2Tandis que la pensée de Wang Yangming, en plein milieu de l’époque des Ming, était un produit spontané de la tradition chinoise, de nombreux missionnaires sont venus, pendant les régimes des empereurs Wan Li et Chong Zhen, apporter leur tradition, leur religion ainsi que leurs connaissances scientifiques ; parmi eux, Matteo Ricci, Sabatino de Ursis, Joannes Terrentius, Jules Aleni, Johann Adam Schall von Bell, etc. Un groupe de savants chinois éclairés, tels que Xu Guangqi et Li Zhizao, a traduit les œuvres scientifiques pour les introduire dans la société chinoise, comme l’initiation aux sciences de la nature et à la philosophie moderne dans un pays resté par trop replié sur lui-même. Ce n’est pas un hasard si certains intellectuels, face à la dégradation de la politique, se sont tournés vers l’exploration de la nature et du savoir-faire. Parmi ces personnages, on peut compter Xu Xiake, premier grand voyageur et géologue chinois, avec son œuvre Les Récits de voyages de Xu Xiake, et Song Yingxing avec son Tiangong Kaiwu ou L’Exploitation des œuvres de la Nature. Ces génies du domaine pragmatique ont plus ou moins sorti les Ming des purs discours. Le bouleversement social et l’invasion des Mandchous renversent les Ming ; les paysans se soulèvent et les troupes du nord détruisent également les principes sociaux qui nuisaient depuis longtemps à l’esprit. C’est la fin de la piété filiale et fraternelle et de la hiérarchie entre les classes sociales. La chute des Ming offre une grande occasion de réfléchir sur les disciplines qui ont étouffé déjà deux dynasties ; c’est l’épanouissement des pensées libérales qui s’initient à la modernité, laquelle se poursuit jusqu’au début de la dynastie suivante, celle des Qing.

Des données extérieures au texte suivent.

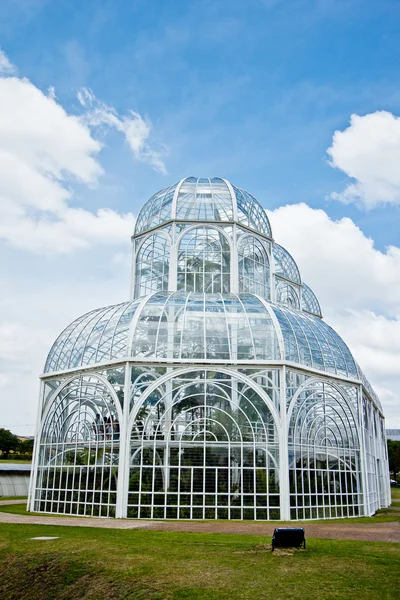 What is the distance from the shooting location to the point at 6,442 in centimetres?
7725

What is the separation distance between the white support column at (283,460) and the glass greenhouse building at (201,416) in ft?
0.16

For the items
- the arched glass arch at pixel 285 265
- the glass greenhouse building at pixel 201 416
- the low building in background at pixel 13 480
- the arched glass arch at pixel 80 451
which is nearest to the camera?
the glass greenhouse building at pixel 201 416

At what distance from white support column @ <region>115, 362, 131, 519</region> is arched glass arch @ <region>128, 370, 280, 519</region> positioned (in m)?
0.26

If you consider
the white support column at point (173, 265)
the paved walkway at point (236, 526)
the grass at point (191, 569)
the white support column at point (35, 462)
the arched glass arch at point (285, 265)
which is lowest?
the grass at point (191, 569)

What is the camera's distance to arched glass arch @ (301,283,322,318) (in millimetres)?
49562

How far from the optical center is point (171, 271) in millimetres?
35844

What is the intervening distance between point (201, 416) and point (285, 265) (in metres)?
23.9

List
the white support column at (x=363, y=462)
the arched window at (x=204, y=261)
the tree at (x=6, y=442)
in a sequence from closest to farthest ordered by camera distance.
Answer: the white support column at (x=363, y=462) → the arched window at (x=204, y=261) → the tree at (x=6, y=442)

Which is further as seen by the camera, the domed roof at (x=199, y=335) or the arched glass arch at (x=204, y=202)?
the arched glass arch at (x=204, y=202)

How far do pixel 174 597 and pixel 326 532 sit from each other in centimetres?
1072

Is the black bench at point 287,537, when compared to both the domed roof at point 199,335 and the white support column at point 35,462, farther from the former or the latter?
the white support column at point 35,462

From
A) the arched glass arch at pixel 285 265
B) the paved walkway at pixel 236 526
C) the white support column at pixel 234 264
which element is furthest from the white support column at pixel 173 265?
the paved walkway at pixel 236 526

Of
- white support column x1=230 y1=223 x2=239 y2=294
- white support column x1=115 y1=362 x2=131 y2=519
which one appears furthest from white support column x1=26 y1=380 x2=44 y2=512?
white support column x1=230 y1=223 x2=239 y2=294

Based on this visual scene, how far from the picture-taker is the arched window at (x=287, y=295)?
45256mm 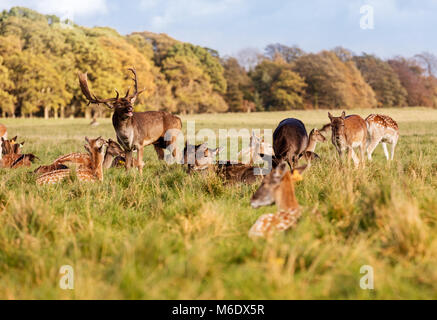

3Dans Le Parangon obscur à l’attente d’une visite royale (Ming Yi Dai Fang Lu), Huang Zongxi, penseur qui a vécu durant deux dynasties, connu pour avoir rédigé la Déclaration chinoise des droits de l’homme au XVIIe siècle, fournit une série de réflexions sur les droits naturels de l’homme en exprimant l’idée suivante : l’empereur est mandaté par le peuple. Huang s’attaque rageusement à la monarchie absolue qui ne fait que nuire à la société, et il n’apprécie nullement l’art courtisan entre l’empereur et ses officiers. Les discours et les pensées repérés dans l’œuvre de Huang sont très originaux : en incluant la pensée de Wang Yangming, l’œuvre appelle le peuple à s’unir contre la tyrannie, ce qui inspirera aussi les rénovateurs du début du XXe siècle [3]. D’autres génies de l’époque, tels que Gu Yanwu, Wang Fuzhi, Tang Zhen, Fu Shan, ont, eux aussi, relevé, à l’occasion des chutes des dynasties précédentes, les défauts de la monarchie absolue. « Au peuple le pouvoir », « le gouvernement au public », tels sont leurs mots d’ordre contre un empereur qui les prive de ce pouvoir et de ce règne. Ces penseurs ne se cantonneront pas à des discours en l’air, ils vont recourir à une tradition qui les rapproche de la nature et des lois naturelles – une méthodologie scientifique. Rien de l’ancien n’est gardé – une libération humaniste commence, semblable à celle des Lumières.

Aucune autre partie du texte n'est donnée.